Local Node Filesystem

Every node provides a locally shared temporary directory /tmp  about 800G (shared) in size, provided by an enterprise grade local SSD drive. There is no quota enforced on this drive at the moment.

This directory is a private directory, it will only be seen by your Job.

Avoid using all of its space at once and allow other users to make use of the Local Node Filesystem as well.

Data retention policy

Data in /tmp will be deleted right after your Job terminates! Make sure that you copy back important files before your Job ends.

A typical Job using the Local Node Filesystem has at least three steps:

  1. Copy necessary data from GPFS to /tmp.
  2. Run your calculation there.
  3. Move results from the Node back to the GPFS.
Example (Script part only)
#!/usr/bin/env bash

#SBATCH options ...

# Step 1
TMP=/tmp
cp job.inp job.dat $TMP

# Step 2
### change to dir $TMP
pushd $TMP
srun your_application
### change back to the starting dir
popd

# Step 3
### move the results back, for example 'job_result.out' to your home directory ~/
mv $TMP/job_result.out ~/.

Care must be taken that SLURM logfiles are not copied to the Local Node Filesystem. This could lead to (in the worst case) Job crashes and will always be overwritten when copied back.

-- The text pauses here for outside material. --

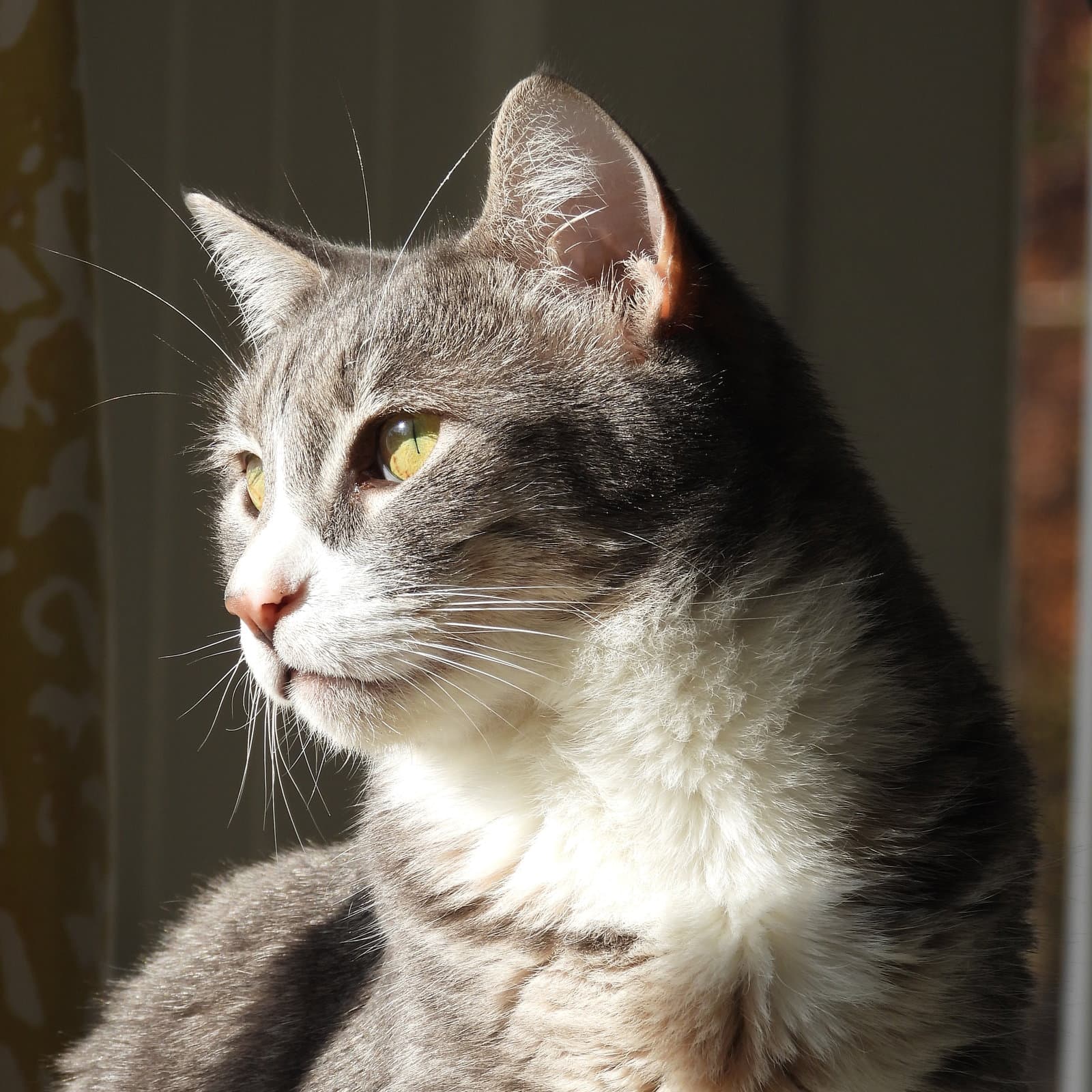 Cleo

Never use cp * $TMP !!

Handling Timelimit-situations for Jobs using the Local Node Filesystem.

If you are unsure how long your Job will take, it might run into the timelimit. Make sure you implement a mechanism to copy back important intermediate results in this case, because the private /tmp directory will be deleted right at the end (timeout or not) of a Job.